Your copy starts at the line containing "Immunohistochemistry (Formalin/PFA-fixed paraffin-embedded" and ends at the last line below. Copy exactly, without pictures.

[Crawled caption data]
= Beginning of Section =

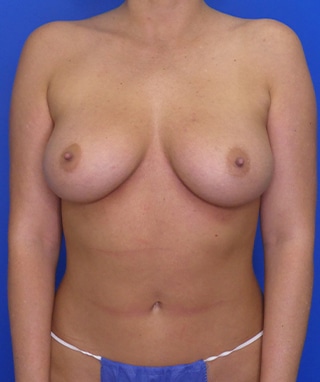 Breast Augmentation before, case 1263, front view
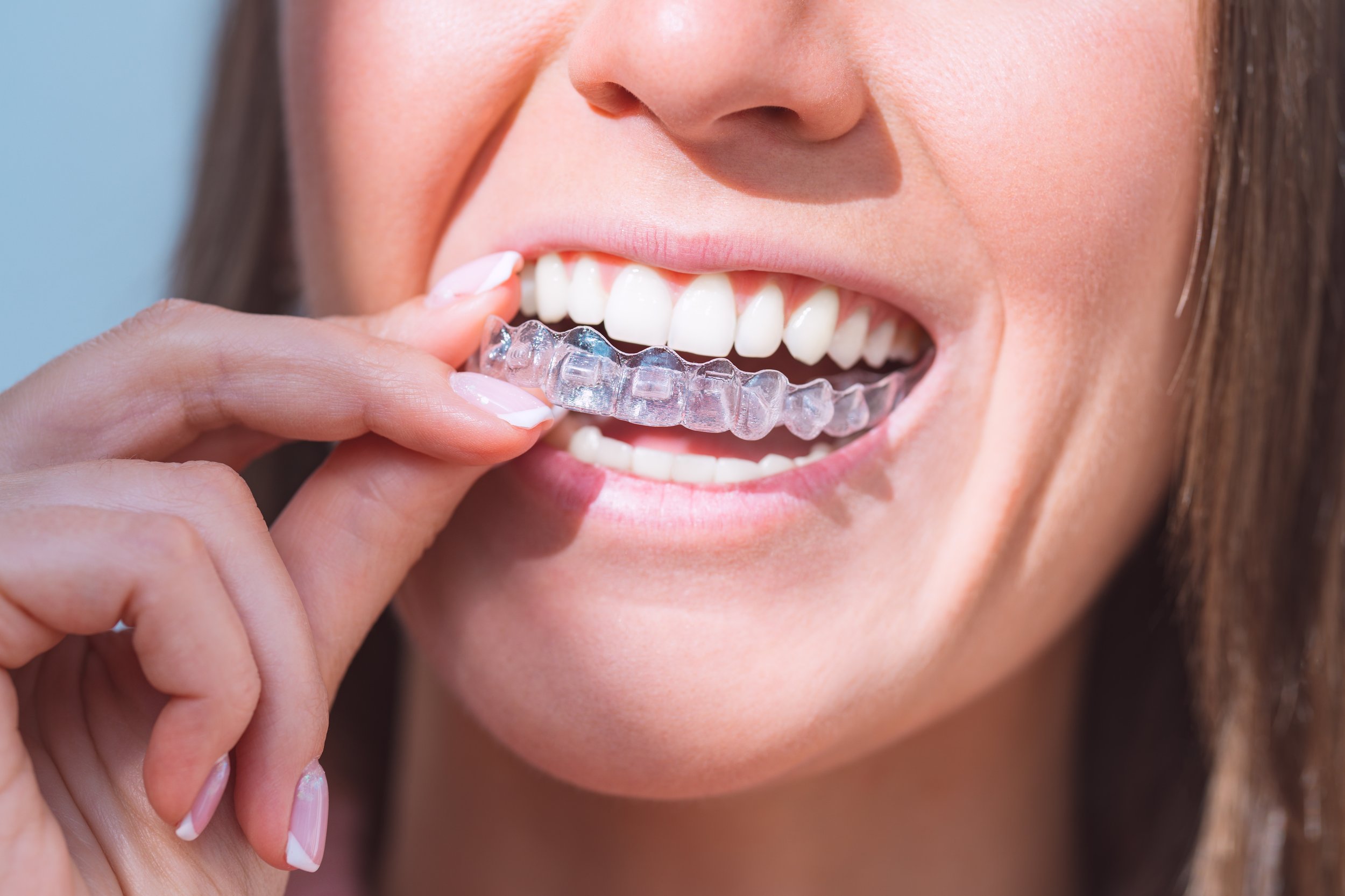 invisalign+tx invisalign+tx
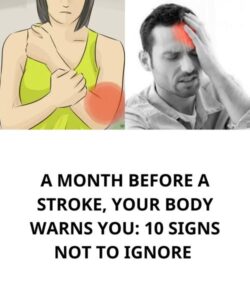 A Month Before a Stroke, Your Body Warns You: 10 Signs Not to Ignore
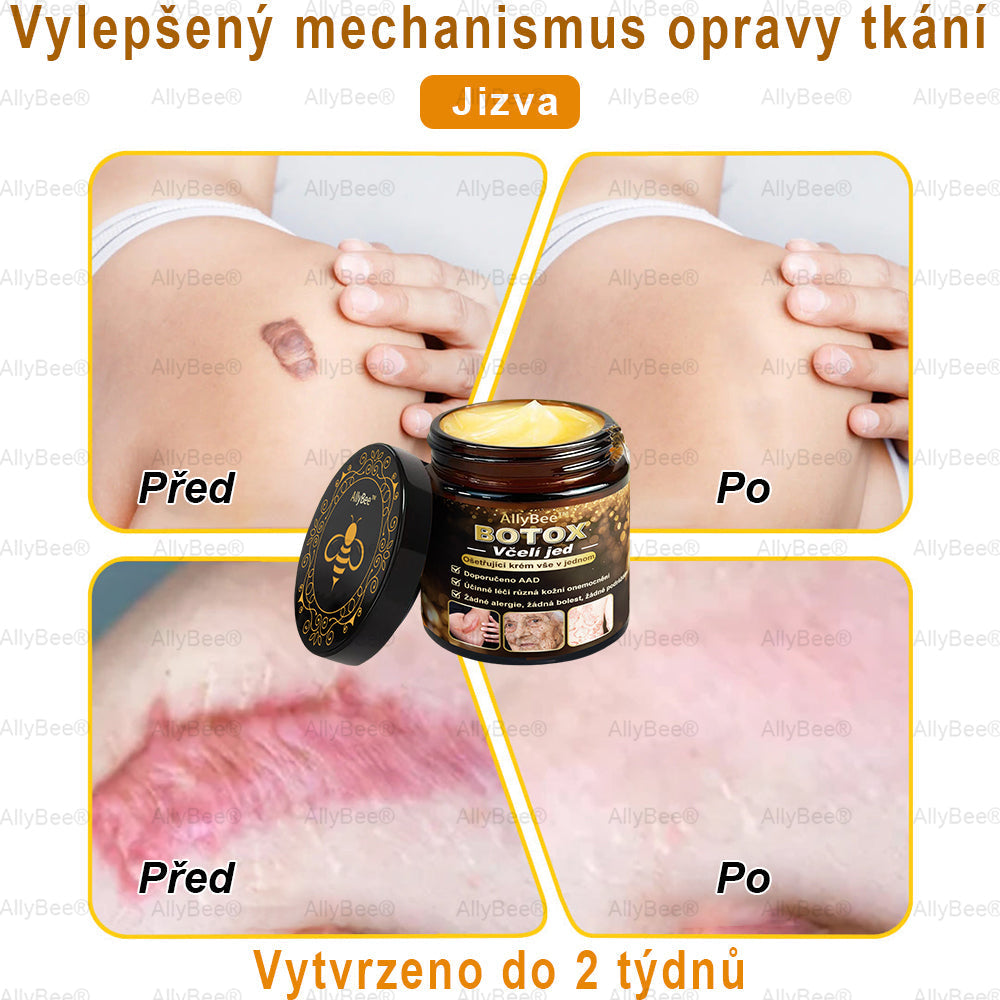 👨‍🔬AllyBee® Botox Krém na ošetření pleti proti stárnutí, hydratační, oprava pleti, vyrovnání tónu pleti, léčba akné a tmavých skvrn, odstraňování bradavic a mateřských znamének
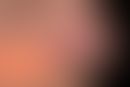Knotiges Basalzelllkarzinom: relativ unscheinbares, nicht-symptomatisches,&nbsp;rotes Knötchen mi...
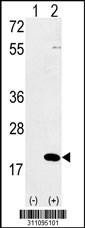 Western blot analysis of his-tag RBM3 (arrow) using his tag antibody. 293 cell lysates (2 ug/lane) either nontransfected (Lane 1) or transiently transfected with the RBM3 gene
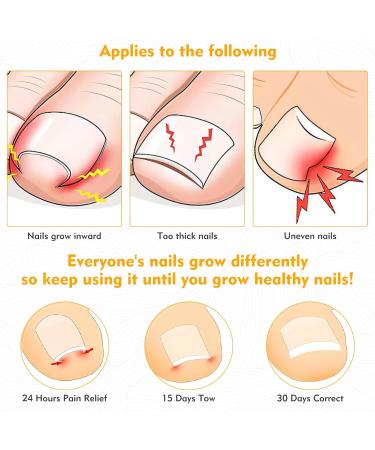 Xinzan 2 Types Ingrown Toenail Treatment Patch with Ingrown Toenail Tool Professional Ingrown Toenail Corrector Tools for Toenail Care Protect Toe Nail - Buy Online on GoSupps.com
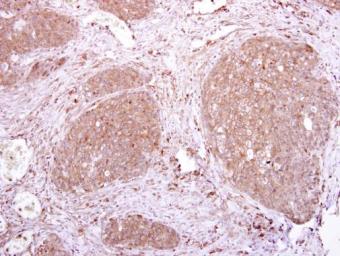 Immunohistochemistry (Formalin/PFA-fixed paraffin-embedded sections) - Anti-LILRA3 antibody (AB111562)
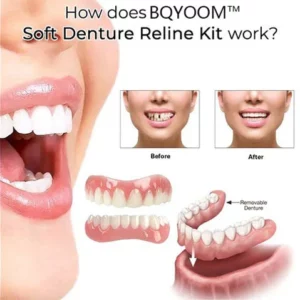 BQYOOM™ Perfect-Bite Soft Denture Silicone Reline Kit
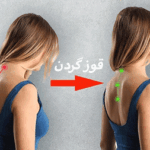 قوز گردن چیست؟🌟هر آنچه که باید بدانید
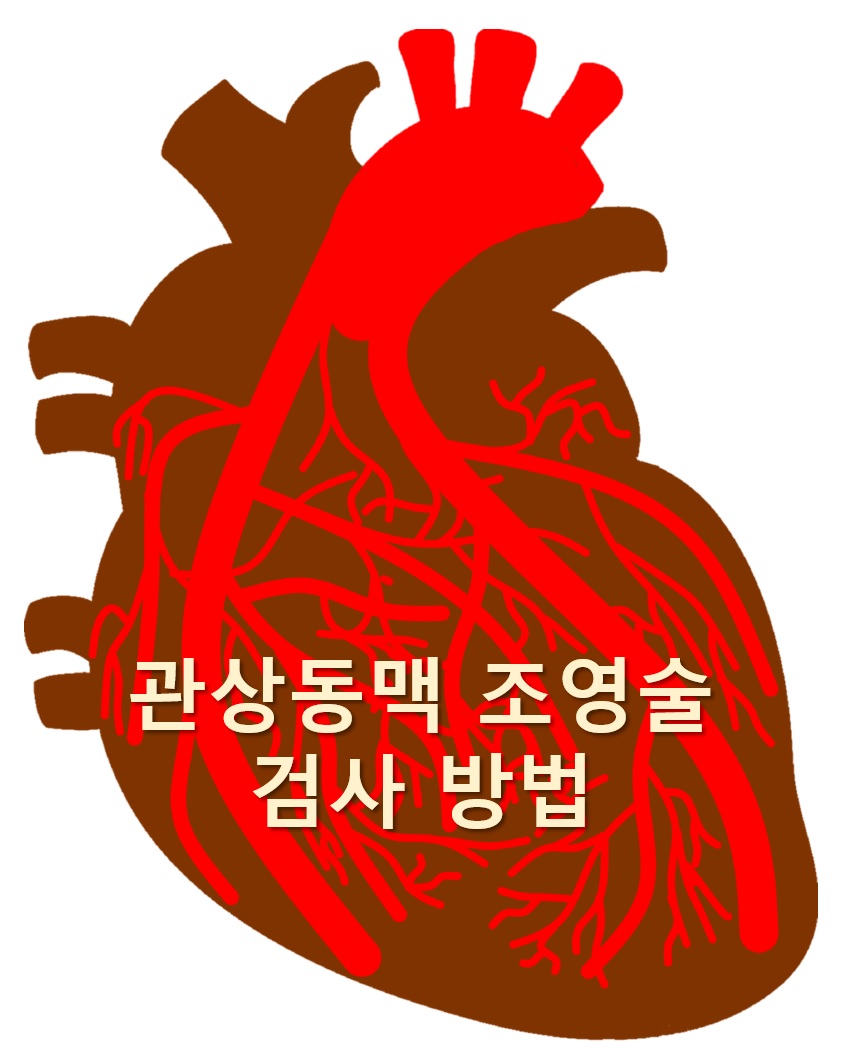  협심증과 심근경색을 진단하는 관상동맥 조영술 검사 방법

= End of Section =

§ ANSWER BOX:
 Immunohistochemistry (Formalin/PFA-fixed paraffin-embedded sections) - Anti-LILRA3 antibody (AB111562)
 BQYOOM™ Perfect-Bite Soft Denture Silicone Reline Kit
 قوز گردن چیست؟🌟هر آنچه که باید بدانید
  협심증과 심근경색을 진단하는 관상동맥 조영술 검사 방법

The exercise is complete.